— What to do —
In your answer, print every record exactly as it is written.

— Material for this task —
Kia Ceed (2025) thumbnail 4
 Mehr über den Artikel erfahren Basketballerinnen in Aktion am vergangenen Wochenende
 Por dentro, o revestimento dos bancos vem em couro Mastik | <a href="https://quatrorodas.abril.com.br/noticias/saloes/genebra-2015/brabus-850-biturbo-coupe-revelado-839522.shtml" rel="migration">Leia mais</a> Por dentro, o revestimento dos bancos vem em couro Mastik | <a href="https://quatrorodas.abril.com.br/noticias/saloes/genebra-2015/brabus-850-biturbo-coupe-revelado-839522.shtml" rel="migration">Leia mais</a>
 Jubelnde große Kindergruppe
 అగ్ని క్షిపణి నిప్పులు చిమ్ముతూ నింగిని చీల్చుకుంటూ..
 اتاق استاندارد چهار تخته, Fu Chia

— Answer section —
Kia Ceed (2025) thumbnail 4
 Mehr über den Artikel erfahren Basketballerinnen in Aktion am vergangenen Wochenende
 Por dentro, o revestimento dos bancos vem em couro Mastik | <a href="https://quatrorodas.abril.com.br/noticias/saloes/genebra-2015/brabus-850-biturbo-coupe-revelado-839522.shtml" rel="migration">Leia mais</a> Por dentro, o revestimento dos bancos vem em couro Mastik | <a href="https://quatrorodas.abril.com.br/noticias/saloes/genebra-2015/brabus-850-biturbo-coupe-revelado-839522.shtml" rel="migration">Leia mais</a>
 Jubelnde große Kindergruppe
 అగ్ని క్షిపణి నిప్పులు చిమ్ముతూ నింగిని చీల్చుకుంటూ..
 اتاق استاندارد چهار تخته, Fu Chia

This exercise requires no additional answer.